The Meadow Jam is an immersive outdoor installation that brings a whimsical prairie band to life. This ensemble of six characters, each crafted from reclaimed and recycled materials, celebrates music, nature, and community under the open sky.
Installed among the open fields and trees of Birds Hill Provincial Park, these sculptures create a sense of discovery, as if festivalgoers have stumbled upon a secret jam session. By blending folk aesthetics, prairie wildlife, and recycled materials, The Meadow Jam embodies the Winnipeg Folk Festival spirit — a celebration of connection, joy, and music under the prairie sun.
Dan Girard is a bilingual folk artist and multi-instrumentalist from St. Boniface who is guided by curiosity, craftsmanship, and a deep respect for working with his hands. Dan’s artistic work extends beyond music into woodworking, leatherwork, amateur blacksmithing and bladesmithing, and stone art. In the spirit of folk art, Dan incorporates recycled and repurposed materials into his creations, seeing potential where others might see waste, discarded objects become opportunities for renewal.

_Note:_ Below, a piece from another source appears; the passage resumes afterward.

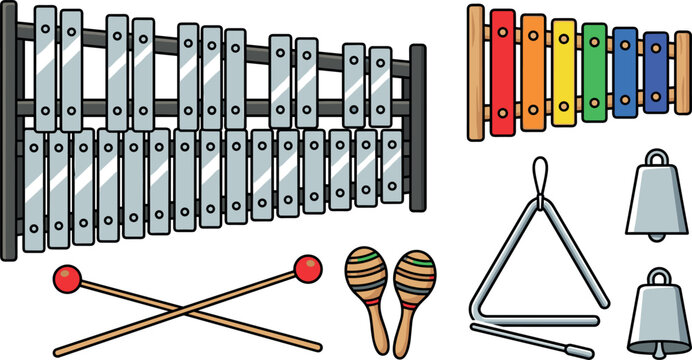 Percussion Musical Instrument Vector Set Featuring Professional Glockenspiel Colorful Toy Xylophone Mallets Wooden Maracas Triangle and Metal Hand Bells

Meadow Music is an interactive, sun-soaked celebration of the joyful harmony that emerges when nature, imagination, and community gather under the wide prairie sky. This installation transforms a simple field into a playful place where music grows like wildflowers and the prairie itself sings along. These elements echo the Folk Fest spirit of discovery, creativity, and communal play. Visitors are invited to wander through the installation, encountering instruments as unexpected encounters along the path. The work encourages festivalgoers to slow down, look closely, and feel the warmth of the prairie sun as they explore a space where art and environment intertwine. The installation celebrates the playful energy that defines the Winnipeg Folk Festival; open-hearted, imaginative, and deeply rooted in the land. Under the prairie sun, music doesn’t just fill the air it grows from the earth itself.
As long-time partners in both life, art, and everything in between, Glen and Charlene follow creativity wherever and in whatever form it wants to take them, using any medium or method that best brings their shared vision, experiences, ideas, and observations to life.

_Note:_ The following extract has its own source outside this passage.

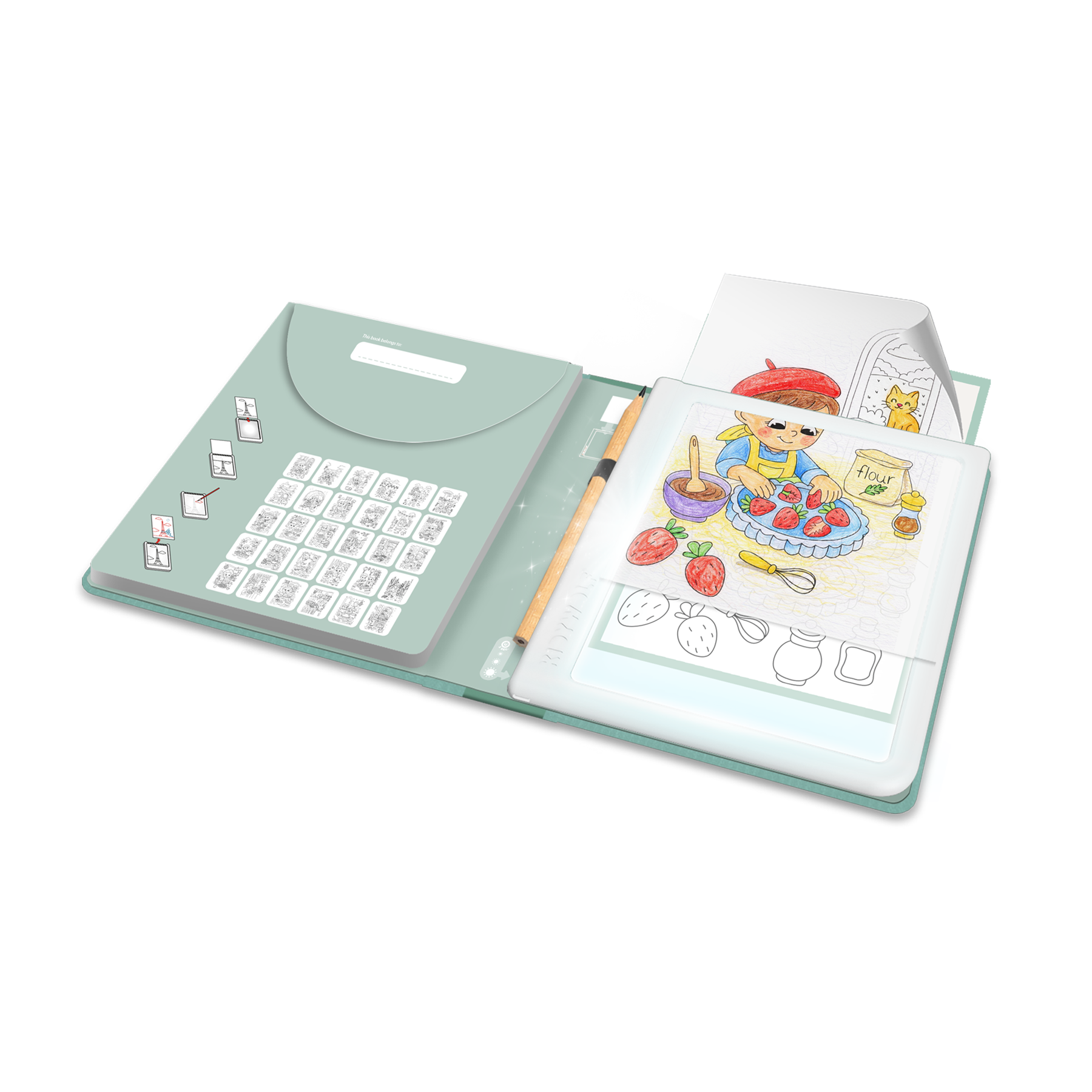 KIDYDRAW PAD 6+ Lichtgevende Tekentablet met 30 Tekensjablonen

Our Hill is a painted art piece made of cut wood; depicting a hill as a character's hair with elements representational of the folk festival we experience as concert goers.
Mila Houle (Happy Houligan) is a 2SLGBTQIA+ multi-media artist and illustrator. She's currently studying at Red River College's Graphic Design Program. She has a keen interest for crafting, crochet and music.

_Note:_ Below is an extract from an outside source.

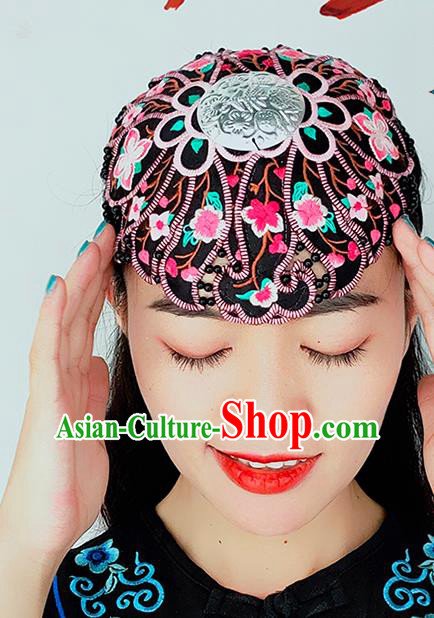 China Yunnan Minority Woman Embroidered Hair Clasp Ethnic Dance Headwear Handmade Silver Headband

The sculpture, The Pitcher Plant, is a botanical model and solar powered fountain in tribute to the beautiful carnivorous plant. It is inspired by visits to the nearby Brokenhead Wetland Interpretive trail.
Ryan Lacovetsky started lampworking in 1999, in Union Bay, BC. In 2002 he moved to Winnipeg, and operated Shine Glassworks, a full-service production lampworking studio, which offered lessons and studio rental, as well as repairs. He has sold his work at shops, festivals, and craft events including The Winnipeg Folk Festival’s Handmade Village.

Sky Garden reflects the vibrant social atmosphere of the festival. The space underneath Sky Garden will be a place for attendees to sit and enjoy. Suspended overhead the colourful patterns, movement and dappled light are intended to enchant the viewer. Enhancing this feeling at night, Sky Garden will light up.
Karen Wardle is a Winnipeg-based sculptor and painter. Her work has been exhibited in shows across Canada. Wardle maintains an interest in the complexities of human ecology and most importantly our impact upon the natural environment.

An installation of upwards of 300+ small paintings, named Prefabs (by Smith’s art collective 26), are done on pieces of reclaimed wood, in various locations throughout the festival site. For this year’s theme “Under the Prairie Sun,” Star Power explores the relationship we have with the sun. The Prefab provides for the festival attendee, as it does urbanite, a moment of contemplation and wonder outside of the gallery setting.
Cyrus Smith is a Canadian visual artist residing in Winnipeg, MB. Having an extensive background in street art, Smith borrows from popular culture and addresses several themes throughout his work. He has been involved with numerous exhibitions, public art, and performance projects throughout Canada, the United States, and Europe. Smith has given lectures and workshops detailing the risk of alienation and suppression of Graffiti Art. His work is included in collections worldwide.
Rachael Hoogstraten Searle (aka Sour Pony) is a visual artist and writer, originally from rural Alberta, based now in Winnipeg, Manitoba. She works primarily in mixed media collage. She has spent her years in Winnipeg embedded in the culture of live music and art. Her work plays with elements of the rural experience, natural artifacts, the naked form and our deepest connections to what grounds us to the natural world.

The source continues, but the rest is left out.